Gomez et al v. Marketplace Home Mortgage LLC et al
Filing
21
MEMORANDUM OPINION AND ORDER denying plaintiffs' 5 Motion for Temporary Restraining Order and Temporary Injunction (Written Opinion). Signed by Judge John R. Tunheim on April 30, 2012. (DML)
UNITED STATES DISTRICT COURT
DISTRICT OF MINNESOTA
KELLY GOMEZ and RUBEN GOMEZ,
JR.,
Civil No. 12-153 (JRT/LIB)
Plaintiffs,
MEMORANDUM OPINION
AND ORDER
v.
MARKETPLACE HOME MORTGAGE
LLC and CITIMORTGAGE, INC.,
Defendants.
Jeffrey R. Vesel, JEFFREY R. VESEL LAW FIRM, 920 Sunrise
Avenue, Stillwater, MN 55082, for plaintiffs.

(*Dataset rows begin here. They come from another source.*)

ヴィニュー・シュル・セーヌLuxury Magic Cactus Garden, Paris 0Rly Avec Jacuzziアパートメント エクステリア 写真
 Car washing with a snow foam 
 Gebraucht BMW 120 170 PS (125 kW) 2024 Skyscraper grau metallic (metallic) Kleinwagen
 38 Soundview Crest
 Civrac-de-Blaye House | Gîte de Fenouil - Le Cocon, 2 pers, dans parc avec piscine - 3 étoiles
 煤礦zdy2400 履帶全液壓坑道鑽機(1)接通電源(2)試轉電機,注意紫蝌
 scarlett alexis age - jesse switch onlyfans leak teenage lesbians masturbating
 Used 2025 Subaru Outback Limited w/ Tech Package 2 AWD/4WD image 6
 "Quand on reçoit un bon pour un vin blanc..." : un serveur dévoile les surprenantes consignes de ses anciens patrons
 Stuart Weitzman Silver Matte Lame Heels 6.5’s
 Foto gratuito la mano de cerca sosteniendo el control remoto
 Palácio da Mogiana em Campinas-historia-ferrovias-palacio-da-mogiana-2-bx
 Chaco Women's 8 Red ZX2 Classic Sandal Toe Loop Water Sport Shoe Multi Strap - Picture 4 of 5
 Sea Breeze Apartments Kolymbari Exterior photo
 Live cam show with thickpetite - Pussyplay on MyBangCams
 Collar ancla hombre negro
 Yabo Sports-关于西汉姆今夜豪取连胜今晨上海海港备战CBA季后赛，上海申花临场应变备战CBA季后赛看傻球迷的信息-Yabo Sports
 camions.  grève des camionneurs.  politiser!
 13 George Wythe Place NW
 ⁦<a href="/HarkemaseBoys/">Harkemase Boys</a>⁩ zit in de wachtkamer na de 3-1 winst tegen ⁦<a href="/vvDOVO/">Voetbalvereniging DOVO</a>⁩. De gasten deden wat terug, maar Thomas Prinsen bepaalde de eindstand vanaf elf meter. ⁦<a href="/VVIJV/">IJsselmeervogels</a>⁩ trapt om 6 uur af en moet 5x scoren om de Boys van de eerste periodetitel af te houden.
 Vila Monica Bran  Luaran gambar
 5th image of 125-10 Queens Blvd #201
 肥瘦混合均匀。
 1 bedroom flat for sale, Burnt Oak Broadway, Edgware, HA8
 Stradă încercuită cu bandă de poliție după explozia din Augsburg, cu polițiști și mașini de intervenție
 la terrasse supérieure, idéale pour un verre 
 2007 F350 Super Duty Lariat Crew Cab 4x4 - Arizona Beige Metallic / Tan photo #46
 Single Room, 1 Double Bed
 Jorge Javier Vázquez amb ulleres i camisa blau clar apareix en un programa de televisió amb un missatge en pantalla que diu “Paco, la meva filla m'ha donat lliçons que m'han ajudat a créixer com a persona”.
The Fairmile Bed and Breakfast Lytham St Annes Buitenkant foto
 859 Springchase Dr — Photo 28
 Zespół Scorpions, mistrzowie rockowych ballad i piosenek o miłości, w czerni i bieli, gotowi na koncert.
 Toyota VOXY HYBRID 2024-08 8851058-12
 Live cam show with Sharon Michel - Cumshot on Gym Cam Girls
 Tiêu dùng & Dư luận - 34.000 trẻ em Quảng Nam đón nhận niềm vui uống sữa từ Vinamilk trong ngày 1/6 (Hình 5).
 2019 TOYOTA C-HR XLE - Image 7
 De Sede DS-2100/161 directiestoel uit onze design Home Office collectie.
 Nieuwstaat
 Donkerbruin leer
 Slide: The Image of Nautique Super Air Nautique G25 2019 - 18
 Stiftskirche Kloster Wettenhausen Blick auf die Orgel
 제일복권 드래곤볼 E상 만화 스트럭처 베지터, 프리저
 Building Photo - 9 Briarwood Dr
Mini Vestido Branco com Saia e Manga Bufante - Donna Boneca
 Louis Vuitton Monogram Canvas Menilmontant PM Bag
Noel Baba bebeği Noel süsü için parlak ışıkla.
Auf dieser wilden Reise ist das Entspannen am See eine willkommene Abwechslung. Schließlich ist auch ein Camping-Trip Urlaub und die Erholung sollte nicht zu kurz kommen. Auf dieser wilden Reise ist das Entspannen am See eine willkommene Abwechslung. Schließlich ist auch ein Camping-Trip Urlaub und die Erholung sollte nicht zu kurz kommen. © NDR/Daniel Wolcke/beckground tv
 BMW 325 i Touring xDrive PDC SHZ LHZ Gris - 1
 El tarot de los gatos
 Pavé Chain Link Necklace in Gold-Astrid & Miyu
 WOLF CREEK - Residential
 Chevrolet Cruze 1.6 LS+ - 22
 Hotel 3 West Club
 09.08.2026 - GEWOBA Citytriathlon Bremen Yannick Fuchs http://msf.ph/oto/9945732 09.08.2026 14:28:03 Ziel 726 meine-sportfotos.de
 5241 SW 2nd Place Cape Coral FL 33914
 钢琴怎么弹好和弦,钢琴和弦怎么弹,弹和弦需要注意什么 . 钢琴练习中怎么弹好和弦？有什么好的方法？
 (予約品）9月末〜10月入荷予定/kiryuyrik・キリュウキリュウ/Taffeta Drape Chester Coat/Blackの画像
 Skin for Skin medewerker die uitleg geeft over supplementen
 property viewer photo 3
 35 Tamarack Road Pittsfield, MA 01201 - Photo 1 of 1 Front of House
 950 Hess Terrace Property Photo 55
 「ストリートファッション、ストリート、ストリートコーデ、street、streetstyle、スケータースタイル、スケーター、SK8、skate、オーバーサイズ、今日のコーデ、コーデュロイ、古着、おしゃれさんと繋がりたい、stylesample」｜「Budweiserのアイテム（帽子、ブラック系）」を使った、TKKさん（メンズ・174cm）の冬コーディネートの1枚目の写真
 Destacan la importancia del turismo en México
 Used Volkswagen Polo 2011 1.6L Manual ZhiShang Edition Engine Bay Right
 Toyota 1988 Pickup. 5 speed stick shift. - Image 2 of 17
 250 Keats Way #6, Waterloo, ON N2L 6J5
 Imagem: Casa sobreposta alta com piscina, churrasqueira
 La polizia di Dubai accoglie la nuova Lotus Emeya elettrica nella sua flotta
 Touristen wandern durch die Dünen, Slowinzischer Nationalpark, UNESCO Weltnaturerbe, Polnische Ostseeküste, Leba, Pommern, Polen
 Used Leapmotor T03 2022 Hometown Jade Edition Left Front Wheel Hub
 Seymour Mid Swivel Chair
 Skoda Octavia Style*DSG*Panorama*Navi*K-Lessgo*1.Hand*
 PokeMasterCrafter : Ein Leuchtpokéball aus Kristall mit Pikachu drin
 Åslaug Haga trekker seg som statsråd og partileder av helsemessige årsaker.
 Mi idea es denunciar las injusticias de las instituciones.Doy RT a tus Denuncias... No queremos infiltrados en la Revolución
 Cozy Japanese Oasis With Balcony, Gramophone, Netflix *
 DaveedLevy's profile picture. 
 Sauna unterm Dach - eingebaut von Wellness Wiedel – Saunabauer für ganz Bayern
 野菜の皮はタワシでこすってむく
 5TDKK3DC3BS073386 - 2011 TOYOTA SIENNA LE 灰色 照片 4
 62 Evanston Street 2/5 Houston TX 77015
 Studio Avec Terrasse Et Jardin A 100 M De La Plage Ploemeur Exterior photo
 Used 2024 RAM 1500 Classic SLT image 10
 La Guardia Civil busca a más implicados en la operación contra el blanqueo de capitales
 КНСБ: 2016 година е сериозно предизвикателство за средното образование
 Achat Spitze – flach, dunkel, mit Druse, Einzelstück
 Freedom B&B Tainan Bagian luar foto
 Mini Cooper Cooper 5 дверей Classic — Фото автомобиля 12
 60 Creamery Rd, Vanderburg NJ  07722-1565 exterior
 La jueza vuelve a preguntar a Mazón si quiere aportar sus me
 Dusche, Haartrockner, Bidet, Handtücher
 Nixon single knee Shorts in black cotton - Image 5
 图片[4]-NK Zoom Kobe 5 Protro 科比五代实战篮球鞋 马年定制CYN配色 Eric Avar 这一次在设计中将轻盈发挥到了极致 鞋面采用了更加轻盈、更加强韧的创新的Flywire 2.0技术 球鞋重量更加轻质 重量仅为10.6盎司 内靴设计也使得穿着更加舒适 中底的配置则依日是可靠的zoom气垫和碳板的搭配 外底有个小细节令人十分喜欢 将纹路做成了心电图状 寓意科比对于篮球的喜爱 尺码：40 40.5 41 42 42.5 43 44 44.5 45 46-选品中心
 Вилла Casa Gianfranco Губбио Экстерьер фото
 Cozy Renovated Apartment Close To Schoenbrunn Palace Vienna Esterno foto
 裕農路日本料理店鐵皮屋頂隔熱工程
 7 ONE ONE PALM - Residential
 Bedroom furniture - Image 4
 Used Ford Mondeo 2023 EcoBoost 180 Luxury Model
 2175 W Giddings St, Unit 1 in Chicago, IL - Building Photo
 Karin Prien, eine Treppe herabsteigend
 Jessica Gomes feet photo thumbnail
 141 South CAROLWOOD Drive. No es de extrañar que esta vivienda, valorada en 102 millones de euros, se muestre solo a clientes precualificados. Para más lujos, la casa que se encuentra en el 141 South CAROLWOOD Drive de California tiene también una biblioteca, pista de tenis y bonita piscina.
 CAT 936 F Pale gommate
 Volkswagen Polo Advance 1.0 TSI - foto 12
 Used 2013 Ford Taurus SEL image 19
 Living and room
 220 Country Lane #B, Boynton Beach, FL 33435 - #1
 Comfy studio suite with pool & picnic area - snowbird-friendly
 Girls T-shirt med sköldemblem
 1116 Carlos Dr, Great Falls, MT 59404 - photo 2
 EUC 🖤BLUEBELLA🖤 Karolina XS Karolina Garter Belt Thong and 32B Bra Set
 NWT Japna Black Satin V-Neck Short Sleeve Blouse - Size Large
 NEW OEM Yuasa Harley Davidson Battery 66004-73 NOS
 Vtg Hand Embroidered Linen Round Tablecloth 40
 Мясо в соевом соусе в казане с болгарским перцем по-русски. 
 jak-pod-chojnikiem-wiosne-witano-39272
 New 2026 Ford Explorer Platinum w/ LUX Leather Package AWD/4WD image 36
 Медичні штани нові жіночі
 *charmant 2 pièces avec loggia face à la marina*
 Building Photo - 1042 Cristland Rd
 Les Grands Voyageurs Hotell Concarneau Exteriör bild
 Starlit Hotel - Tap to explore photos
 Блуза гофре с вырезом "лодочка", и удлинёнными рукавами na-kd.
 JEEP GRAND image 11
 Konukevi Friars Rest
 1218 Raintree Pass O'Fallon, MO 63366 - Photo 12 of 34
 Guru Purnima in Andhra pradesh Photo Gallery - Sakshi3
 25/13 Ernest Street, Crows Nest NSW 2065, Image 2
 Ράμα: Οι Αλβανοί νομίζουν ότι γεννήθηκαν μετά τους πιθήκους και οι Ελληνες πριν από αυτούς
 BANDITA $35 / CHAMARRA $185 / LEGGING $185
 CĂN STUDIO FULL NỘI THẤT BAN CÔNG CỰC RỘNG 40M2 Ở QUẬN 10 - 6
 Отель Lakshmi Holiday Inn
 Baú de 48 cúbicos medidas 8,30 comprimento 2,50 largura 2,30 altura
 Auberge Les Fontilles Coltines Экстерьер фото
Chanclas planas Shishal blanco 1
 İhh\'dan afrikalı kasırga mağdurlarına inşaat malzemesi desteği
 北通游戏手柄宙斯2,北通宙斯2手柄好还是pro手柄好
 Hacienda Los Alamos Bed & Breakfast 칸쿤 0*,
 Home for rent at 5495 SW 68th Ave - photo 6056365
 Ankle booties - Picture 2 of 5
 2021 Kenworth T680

Wyatt S. Partridge and Thomas J. Lallier, FOLEY & MANSFIELD,
PLLP, 250 Marquette Avenue, Suite 1200, Minneapolis, MN 55401, for
defendants.
Kelly and Ruben Gomez (the “Gomezes”) defaulted on their mortgage, and their
creditors foreclosed and began eviction proceedings. The Gomezes’ complaint alleges
violations of the Truth in Lending Act (“TILA”) triggering their right to rescind the
mortgage, and they now seek a preliminary injunction to keep them in their home
pending resolution of the case. Because the Court finds that the balance of the equities
does not so favor the Gomezes that it must intervene to preserve the status quo, the Court
will deny the motion.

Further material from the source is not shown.